→ **Task description**
Your answer must hold only the lines below from the line containing "Bague Punica bijoux Fine FIN_R12_RHO" through the line containing "Jordan PARIS Saint-Germain 롱 슬리브", each reproduced exactly.

Records from a data source:
:::::

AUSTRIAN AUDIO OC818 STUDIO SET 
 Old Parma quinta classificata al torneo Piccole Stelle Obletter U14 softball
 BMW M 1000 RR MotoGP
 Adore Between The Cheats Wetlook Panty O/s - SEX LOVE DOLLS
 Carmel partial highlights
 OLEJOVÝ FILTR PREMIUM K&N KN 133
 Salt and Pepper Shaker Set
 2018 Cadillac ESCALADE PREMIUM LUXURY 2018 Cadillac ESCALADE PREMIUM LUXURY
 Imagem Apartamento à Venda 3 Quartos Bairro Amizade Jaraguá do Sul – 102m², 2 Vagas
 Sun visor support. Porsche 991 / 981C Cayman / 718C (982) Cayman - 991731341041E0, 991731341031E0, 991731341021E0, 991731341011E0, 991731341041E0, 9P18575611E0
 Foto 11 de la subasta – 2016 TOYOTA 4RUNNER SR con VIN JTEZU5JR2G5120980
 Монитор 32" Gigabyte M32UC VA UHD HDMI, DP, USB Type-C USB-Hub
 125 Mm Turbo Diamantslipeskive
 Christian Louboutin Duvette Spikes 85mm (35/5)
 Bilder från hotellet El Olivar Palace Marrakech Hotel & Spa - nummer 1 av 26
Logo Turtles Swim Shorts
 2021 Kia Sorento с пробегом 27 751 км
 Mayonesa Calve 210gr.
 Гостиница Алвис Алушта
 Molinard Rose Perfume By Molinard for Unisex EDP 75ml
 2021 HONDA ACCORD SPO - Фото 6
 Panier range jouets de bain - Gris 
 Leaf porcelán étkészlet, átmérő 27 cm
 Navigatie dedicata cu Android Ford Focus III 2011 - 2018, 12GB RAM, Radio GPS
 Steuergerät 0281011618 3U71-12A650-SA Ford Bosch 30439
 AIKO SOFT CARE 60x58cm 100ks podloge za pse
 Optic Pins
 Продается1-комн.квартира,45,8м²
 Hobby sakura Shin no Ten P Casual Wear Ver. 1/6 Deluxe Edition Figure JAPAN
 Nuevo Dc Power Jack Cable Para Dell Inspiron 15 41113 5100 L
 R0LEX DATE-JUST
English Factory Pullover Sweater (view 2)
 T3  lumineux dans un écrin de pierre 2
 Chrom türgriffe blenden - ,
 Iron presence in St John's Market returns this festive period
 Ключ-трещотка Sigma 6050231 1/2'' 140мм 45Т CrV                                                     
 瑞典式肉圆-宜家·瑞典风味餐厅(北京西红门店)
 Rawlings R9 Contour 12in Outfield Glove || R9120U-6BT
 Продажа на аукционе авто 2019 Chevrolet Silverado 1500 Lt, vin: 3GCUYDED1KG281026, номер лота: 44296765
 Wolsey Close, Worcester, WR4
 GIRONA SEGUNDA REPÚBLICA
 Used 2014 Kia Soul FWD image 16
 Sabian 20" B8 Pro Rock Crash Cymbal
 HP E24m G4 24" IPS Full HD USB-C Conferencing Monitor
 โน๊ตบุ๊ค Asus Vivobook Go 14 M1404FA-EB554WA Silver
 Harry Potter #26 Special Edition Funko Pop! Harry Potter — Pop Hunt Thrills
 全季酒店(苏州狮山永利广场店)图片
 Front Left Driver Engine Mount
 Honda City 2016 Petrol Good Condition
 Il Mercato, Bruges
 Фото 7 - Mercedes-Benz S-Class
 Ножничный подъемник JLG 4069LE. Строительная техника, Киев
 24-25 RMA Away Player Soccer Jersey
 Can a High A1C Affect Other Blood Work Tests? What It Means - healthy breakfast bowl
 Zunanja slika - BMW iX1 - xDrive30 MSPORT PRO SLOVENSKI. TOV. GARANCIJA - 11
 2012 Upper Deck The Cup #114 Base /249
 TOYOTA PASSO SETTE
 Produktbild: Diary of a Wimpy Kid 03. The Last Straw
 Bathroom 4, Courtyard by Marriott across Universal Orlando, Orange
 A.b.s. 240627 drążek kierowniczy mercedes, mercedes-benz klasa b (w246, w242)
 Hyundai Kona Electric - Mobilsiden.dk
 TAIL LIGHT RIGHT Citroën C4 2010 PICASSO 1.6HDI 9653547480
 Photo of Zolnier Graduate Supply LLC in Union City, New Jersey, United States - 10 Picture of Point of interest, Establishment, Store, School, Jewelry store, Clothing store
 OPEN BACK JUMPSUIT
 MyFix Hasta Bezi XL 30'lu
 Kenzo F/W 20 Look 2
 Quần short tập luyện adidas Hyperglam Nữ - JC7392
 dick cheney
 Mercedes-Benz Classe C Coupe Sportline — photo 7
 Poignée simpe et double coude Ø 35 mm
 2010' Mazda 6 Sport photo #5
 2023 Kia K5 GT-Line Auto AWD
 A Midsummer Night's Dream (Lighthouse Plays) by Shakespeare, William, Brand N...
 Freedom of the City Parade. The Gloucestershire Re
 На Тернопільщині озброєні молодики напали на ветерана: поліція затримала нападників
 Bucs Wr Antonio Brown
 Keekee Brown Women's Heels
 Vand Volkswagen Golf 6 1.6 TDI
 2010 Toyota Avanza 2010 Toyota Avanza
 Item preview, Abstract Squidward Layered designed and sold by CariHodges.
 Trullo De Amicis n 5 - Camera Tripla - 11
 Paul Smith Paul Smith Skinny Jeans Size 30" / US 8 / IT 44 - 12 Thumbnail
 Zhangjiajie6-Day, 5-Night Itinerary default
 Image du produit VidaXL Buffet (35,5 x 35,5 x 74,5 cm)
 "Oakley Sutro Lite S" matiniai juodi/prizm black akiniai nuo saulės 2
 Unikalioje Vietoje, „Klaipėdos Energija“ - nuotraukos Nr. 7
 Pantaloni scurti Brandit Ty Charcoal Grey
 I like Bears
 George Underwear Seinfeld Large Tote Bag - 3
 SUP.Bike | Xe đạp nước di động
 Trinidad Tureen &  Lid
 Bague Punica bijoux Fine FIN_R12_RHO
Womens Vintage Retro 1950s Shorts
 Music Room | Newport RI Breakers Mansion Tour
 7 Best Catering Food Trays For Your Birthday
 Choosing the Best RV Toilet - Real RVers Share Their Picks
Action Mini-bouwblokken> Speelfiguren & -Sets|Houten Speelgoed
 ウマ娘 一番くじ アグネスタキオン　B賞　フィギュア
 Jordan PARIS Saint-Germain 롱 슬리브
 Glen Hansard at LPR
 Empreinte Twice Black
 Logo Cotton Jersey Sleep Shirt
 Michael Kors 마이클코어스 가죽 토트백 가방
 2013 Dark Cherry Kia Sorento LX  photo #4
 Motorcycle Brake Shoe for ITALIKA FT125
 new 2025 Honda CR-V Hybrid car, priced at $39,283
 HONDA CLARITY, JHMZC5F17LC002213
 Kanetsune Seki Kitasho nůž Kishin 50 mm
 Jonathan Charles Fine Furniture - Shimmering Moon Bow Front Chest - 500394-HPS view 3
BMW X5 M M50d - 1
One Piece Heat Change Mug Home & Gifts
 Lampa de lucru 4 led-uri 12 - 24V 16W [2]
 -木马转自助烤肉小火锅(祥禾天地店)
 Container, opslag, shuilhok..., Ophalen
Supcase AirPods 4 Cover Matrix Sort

:::::

→ **Response below**
 Bague Punica bijoux Fine FIN_R12_RHO
Womens Vintage Retro 1950s Shorts
 Music Room | Newport RI Breakers Mansion Tour
 7 Best Catering Food Trays For Your Birthday
 Choosing the Best RV Toilet - Real RVers Share Their Picks
Action Mini-bouwblokken> Speelfiguren & -Sets|Houten Speelgoed
 ウマ娘 一番くじ アグネスタキオン　B賞　フィギュア
 Jordan PARIS Saint-Germain 롱 슬리브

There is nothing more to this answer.